- REQUIRED ACTION: Transcribe the data below verbatim from the line with "bellacrespalatina online show" to the line with "50a5c563-800c-4179-90e0-c5426a547e16". Include both of those lines.

START DATA EXTRACT

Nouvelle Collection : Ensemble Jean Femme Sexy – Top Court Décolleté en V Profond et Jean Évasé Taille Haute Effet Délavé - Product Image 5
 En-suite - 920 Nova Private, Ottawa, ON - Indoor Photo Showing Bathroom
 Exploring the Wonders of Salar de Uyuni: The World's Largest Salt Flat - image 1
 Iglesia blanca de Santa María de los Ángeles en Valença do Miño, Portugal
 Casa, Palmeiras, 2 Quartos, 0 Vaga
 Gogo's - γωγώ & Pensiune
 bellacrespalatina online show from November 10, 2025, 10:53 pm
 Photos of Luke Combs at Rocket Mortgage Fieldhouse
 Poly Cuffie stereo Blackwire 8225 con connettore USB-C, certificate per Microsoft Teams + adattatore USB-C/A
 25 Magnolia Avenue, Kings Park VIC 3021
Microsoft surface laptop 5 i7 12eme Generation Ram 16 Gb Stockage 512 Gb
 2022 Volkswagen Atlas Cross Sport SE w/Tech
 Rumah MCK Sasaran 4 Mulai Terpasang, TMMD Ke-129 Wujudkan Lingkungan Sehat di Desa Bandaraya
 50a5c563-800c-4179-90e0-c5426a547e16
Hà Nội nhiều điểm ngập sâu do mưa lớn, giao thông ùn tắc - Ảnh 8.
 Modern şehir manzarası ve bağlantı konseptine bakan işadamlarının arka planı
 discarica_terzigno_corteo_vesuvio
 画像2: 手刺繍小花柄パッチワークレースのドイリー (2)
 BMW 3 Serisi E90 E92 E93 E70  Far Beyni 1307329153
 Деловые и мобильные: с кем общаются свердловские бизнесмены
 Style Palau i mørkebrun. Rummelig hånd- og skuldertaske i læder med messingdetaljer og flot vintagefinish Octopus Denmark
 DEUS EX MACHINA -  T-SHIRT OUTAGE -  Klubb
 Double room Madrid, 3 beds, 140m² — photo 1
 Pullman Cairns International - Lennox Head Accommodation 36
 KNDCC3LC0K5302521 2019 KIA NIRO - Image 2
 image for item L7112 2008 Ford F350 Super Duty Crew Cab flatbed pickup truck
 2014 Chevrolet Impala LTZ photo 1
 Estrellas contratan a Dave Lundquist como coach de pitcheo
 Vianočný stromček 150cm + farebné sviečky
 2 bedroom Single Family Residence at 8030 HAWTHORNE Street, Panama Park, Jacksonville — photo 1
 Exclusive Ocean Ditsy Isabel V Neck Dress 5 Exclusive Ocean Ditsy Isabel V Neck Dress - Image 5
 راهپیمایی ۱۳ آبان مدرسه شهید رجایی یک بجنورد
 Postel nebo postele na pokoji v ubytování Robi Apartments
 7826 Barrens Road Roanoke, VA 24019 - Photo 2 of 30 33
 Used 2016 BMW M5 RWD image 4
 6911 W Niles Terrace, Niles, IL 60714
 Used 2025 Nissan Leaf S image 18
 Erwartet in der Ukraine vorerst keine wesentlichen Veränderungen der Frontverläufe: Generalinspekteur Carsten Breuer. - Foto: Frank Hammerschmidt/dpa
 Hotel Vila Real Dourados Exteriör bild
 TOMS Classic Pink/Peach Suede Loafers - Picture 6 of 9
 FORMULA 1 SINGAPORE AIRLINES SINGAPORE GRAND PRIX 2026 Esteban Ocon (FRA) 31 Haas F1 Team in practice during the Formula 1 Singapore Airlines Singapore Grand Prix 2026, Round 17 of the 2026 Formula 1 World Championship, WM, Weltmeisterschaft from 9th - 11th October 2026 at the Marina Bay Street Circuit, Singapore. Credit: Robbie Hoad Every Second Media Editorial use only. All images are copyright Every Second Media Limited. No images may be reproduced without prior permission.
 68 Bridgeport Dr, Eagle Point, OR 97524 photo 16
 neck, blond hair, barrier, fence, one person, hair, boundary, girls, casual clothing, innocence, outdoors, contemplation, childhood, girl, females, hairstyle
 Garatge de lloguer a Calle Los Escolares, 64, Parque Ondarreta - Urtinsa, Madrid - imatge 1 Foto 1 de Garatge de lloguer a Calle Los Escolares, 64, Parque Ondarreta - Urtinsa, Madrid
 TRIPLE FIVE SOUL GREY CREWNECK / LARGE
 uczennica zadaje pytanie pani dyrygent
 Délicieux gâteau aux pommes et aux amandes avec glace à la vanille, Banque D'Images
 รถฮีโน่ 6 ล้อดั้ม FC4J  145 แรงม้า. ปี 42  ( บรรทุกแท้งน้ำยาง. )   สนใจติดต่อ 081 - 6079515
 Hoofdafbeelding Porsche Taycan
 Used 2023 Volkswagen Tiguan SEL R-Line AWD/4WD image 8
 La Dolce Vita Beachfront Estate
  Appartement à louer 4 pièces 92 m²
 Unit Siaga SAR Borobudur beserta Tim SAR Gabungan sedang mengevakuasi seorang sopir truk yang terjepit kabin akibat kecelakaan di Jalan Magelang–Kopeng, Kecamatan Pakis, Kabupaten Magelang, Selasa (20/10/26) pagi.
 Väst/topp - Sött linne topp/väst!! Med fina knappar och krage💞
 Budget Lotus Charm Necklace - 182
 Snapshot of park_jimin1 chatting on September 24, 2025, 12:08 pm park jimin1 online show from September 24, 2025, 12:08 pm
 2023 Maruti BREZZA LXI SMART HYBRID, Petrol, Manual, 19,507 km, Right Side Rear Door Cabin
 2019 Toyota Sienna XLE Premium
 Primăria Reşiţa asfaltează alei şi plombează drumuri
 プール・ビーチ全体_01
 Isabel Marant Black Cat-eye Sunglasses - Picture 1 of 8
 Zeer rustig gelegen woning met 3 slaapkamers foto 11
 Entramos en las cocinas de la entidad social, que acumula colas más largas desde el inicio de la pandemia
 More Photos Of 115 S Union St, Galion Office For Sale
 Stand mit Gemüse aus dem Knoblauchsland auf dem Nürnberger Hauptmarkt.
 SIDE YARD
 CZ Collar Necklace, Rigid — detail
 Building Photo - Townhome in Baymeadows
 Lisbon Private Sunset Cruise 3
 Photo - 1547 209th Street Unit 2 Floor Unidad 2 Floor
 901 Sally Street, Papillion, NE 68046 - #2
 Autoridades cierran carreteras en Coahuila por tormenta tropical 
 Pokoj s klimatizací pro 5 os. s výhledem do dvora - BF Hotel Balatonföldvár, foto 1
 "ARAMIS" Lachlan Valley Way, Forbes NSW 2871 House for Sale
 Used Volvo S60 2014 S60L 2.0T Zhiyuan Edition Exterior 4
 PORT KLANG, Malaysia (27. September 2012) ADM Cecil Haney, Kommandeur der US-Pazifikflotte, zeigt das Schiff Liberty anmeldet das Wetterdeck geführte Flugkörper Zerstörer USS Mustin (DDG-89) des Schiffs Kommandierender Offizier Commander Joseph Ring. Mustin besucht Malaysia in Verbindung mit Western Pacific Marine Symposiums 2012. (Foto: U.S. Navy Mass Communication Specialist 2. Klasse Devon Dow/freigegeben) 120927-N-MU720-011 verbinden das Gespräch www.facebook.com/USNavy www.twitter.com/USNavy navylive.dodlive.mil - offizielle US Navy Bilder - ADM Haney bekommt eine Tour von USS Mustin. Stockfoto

END DATA EXTRACT

- WRITTEN ANSWER:
 bellacrespalatina online show from November 10, 2025, 10:53 pm
 Photos of Luke Combs at Rocket Mortgage Fieldhouse
 Poly Cuffie stereo Blackwire 8225 con connettore USB-C, certificate per Microsoft Teams + adattatore USB-C/A
 25 Magnolia Avenue, Kings Park VIC 3021
Microsoft surface laptop 5 i7 12eme Generation Ram 16 Gb Stockage 512 Gb
 2022 Volkswagen Atlas Cross Sport SE w/Tech
 Rumah MCK Sasaran 4 Mulai Terpasang, TMMD Ke-129 Wujudkan Lingkungan Sehat di Desa Bandaraya
 50a5c563-800c-4179-90e0-c5426a547e16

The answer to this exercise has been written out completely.